A personal reflection on leading digital transformation

Leading change is hard. It is challenging and it is invigorating, but it is also extremely taxing. Looming over us is the fact that most business transformation programmes fail. And this is the case even when we endeavour to move an organisation from one known, fixed state to another.

With digital transformation, we have the added pressure of a future in constant flux and a current state that has not solidified enough to give us real clarity. We are still groping in the dark, only really able to guess what is possible.

So to lead digital transformation you either need to suspend all disbelief and jettison the organisation towards a future you see clearly, or, give in to the uncertainty and do your best to shepherd your businesses towards a hazy unknown. Either of these approaches require leadership styles and competencies that stretch way beyond technological know-how or commercial acumen.

Much has been said about digital leadership and the need to develop leaders who are more agile, curious, collaborative and so forth. Digital transformation in particular requires leaders who can lead with strong emotional intelligence, and who are as comfortable with uncertainty and intuition as they are with data or delivery.

However, there is another side to leading transformation that is less spoken about, less acknowledged – and that is the personal resilience and strength it takes to hold these roles. Leading digital transformation means accepting a difficult, sometimes impossible mission. Stats tell you that it is unlikely you will deliver everything you set out to achieve. The business’s expectations are often unrealistic to begin with. Sometimes you do not have enough resource, budget or buy-in to fully disrupt what needs to be disrupted. Other times your senior stakeholders have bought in too wholeheartedly, believing digital to be some sort of magic bullet, which will only disappoint in the end. Too often the focus is on the latest fads, rather than the fundamentals. Typically, you have no blueprint for change in your sector, as very few businesses are that far ahead of you on the journey. Your transformation vision is a mix of gut decision-making and peering into the proverbial crystal ball.

As a digital transformation leader you are simultaneously telling the story of change, running an agile programmes to drive change, leading your team, managing up, managing down, convincing some stakeholders that ‘digital’ IS in fact important, and convincing others that it is not going to solve everything, promoting innovation on one hand, whilst trying to stop too much investment in shiny but ineffective distractions on the other, all the while being seen as a potential threat to other ambitious leaders in the business.

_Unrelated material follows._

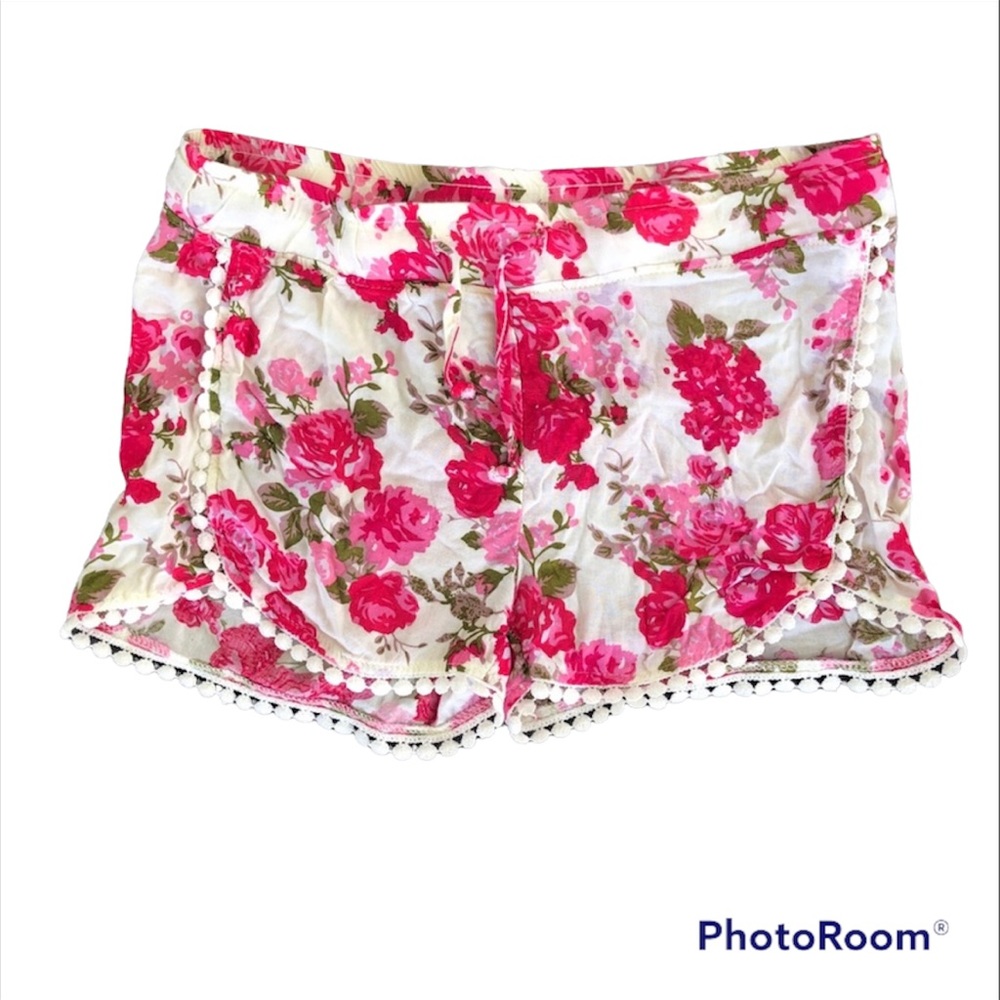 West Loop  Woman’s Floral Summer Shorts (???)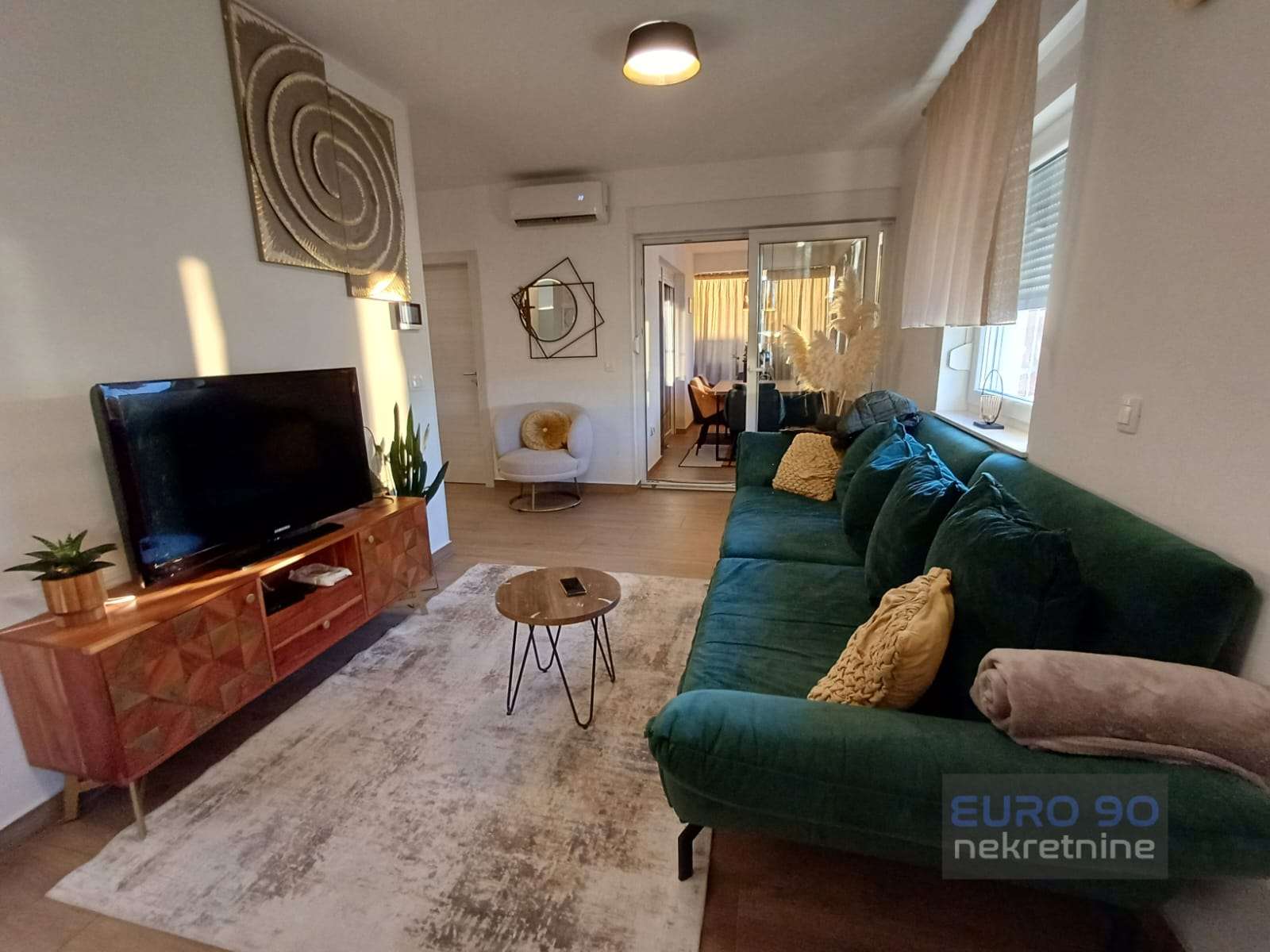 listing-small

And in the end, you will find that you have a very short lifecycle. Most transformational leaders come into a business with an aura around them, and for about 6 months, maybe a year, will be trusted as the champion of change with a Midas touch. It is in everyone’s interest to believe in you at first. But by year two, the shine wears off, and by year three everyone is bored of your song and dance, and probably starts questioning what you have really delivered anyway. You start to look stale. Unfortunately, truly impactful digital transformation often takes a lot longer than 3 years! In order to keep the aura alive and keep everyone on side, transformational leaders have to expend a lot of their own personal energy, over years, sustaining momentum, telling and retelling a constantly evolving story, networking, being visible, charming and trusted. This can take a huge toll on the individual and it helps to have a strong balance outside of your working life to give you the reserves needed to persevere.

In the end, there is usually an in-built hard stop to your efforts. The point at which, if successful, you are able to integrate ‘digital’ into the businesses and effectively make yourself obsolete. And the hardest truth of all - the glory of your efforts often come after that point, and the kudos will go to others.

This is why the real differentiator for truly outstanding digital transformation leaders is personal and emotional resilience. People who thrive on this challenge and can take pleasure in the process, despite the mission impossible.